About this task: Your task is to retype the lines from the opening of the material through the line that includes "BEHR ULTRA 1". Do not copy the pictures.
----- Recorded data -----
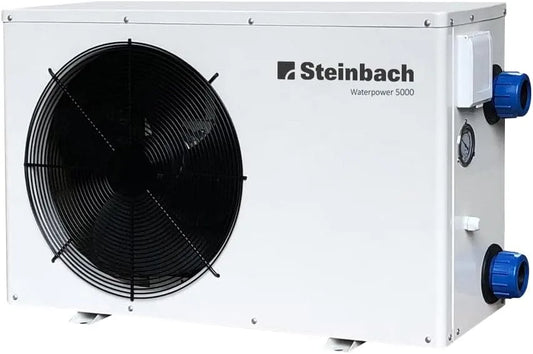 Modell R32 Waterpower, Heizleistung 5000 DA50 049202 Steinbach Wärmepumpe, Kühlleistung 3,4 kW, Anschluss 230 V, Leistung 0,84 kW, Schallleistung dB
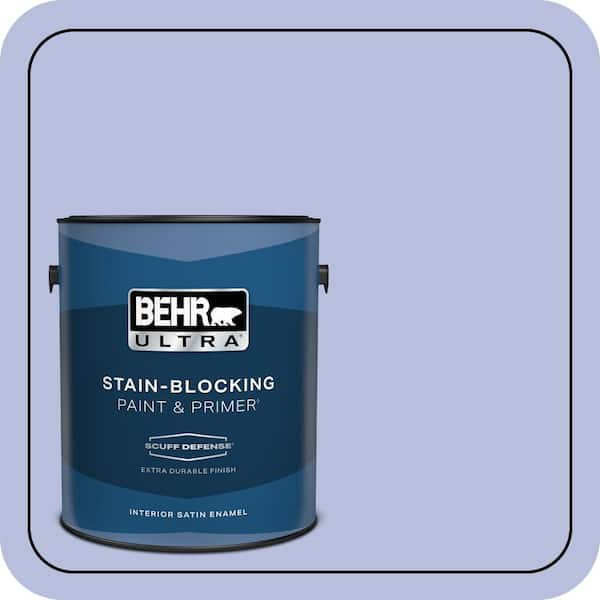 BEHR ULTRA 1 gal. #MQ4-31 Stardust Evening Extra Durable Satin Enamel Interior Paint & Primer (2)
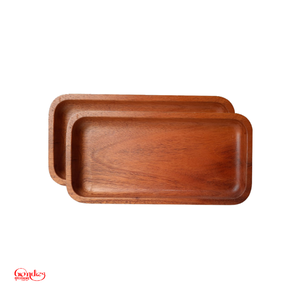 Bandeja de Almacenamiento Minimalista de Madera Pequeña para Alimentos y Bebidas, para Hogar, Hotel, Restaurante, Resort, Spa - Diseño Desmontable, Envío Inmediato - Product Image 1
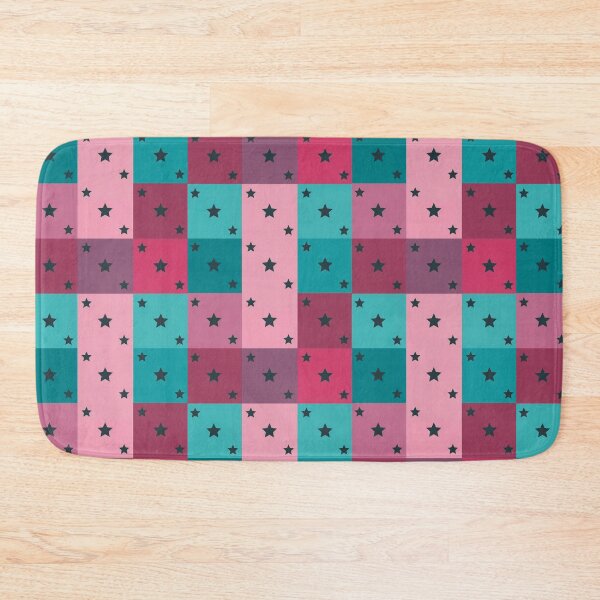Item preview, Little black stars patchwork in pink designed and sold by uunaa.
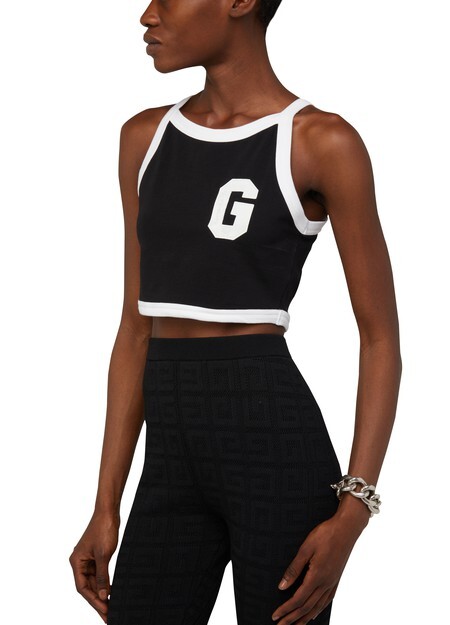 

Укороченная майка с логотипом G Givenchy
-----
Exercise response:
 Modell R32 Waterpower, Heizleistung 5000 DA50 049202 Steinbach Wärmepumpe, Kühlleistung 3,4 kW, Anschluss 230 V, Leistung 0,84 kW, Schallleistung dB
 BEHR ULTRA 1 gal. #MQ4-31 Stardust Evening Extra Durable Satin Enamel Interior Paint & Primer (2)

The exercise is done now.